Il est essentiel de gérer les symptômes associés à des taux élevés de gastrine, en particulier lulcération peptique. La chirurgie est la seule thérapie curative des gastrinomes. Il est recommandé chez les patients présentant des gastrinomes sporadiques non métastatiques ou des gastrinomes associés à MEN1 de plus de 2 cm de diamètre. Plus précisément, lexcision / énucléation des gastrinomes pancréatiques est efficace, tandis que les gastrinomes duodénaux nécessitent souvent une duodénectomie car il existe généralement plusieurs tumeurs duodénales. La chirurgie nest pas recommandée dans les gastrinomes associés aux MEN1 de moins de 2 cm de diamètre car la chirurgie est rarement curative en présence de MEN1.

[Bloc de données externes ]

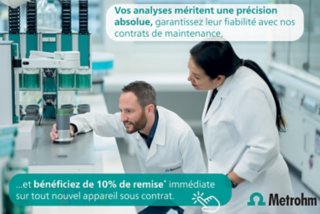 Découvrez bos offres de service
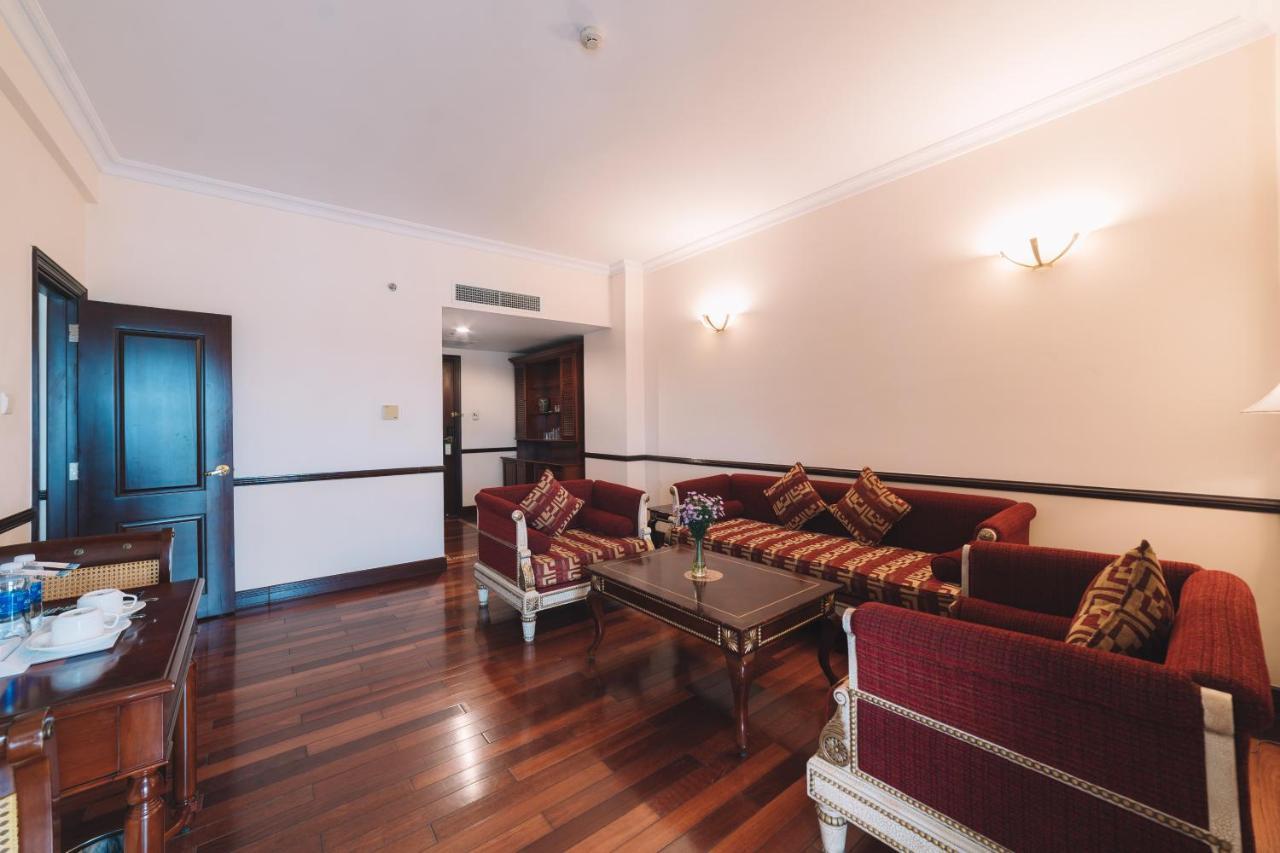 Saigon Hotel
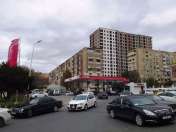 Satılır 3 otaqlı 75 m2 köhnə tikili Əhmədli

Le traitement non chirurgical du ZES repose sur le traitement des symptômes et la prévention des complications secondaires aux ulcères peptiques. Les inhibiteurs de la pompe à protons (IPP) sont un traitement médical de première intention, car ils diminuent directement la sécrétion dacide gastrique dans lestomac, réduisant ainsi la capacité de lacide gastrique à submerger les défenses muqueuses et empêchant lapparition dulcères gastro-duodénaux. Une étude prospective initiale de patients atteints de gastrinome réfractif à un traitement par inhibiteur H2, les symptômes ont été résolus chez 23 des 29 patients au total. En raison du succès élevé de la prise en charge de ces patients atteints dIPP, la chirurgie nest plus nécessaire pour gérer lhypersécrétion dacide gastrique.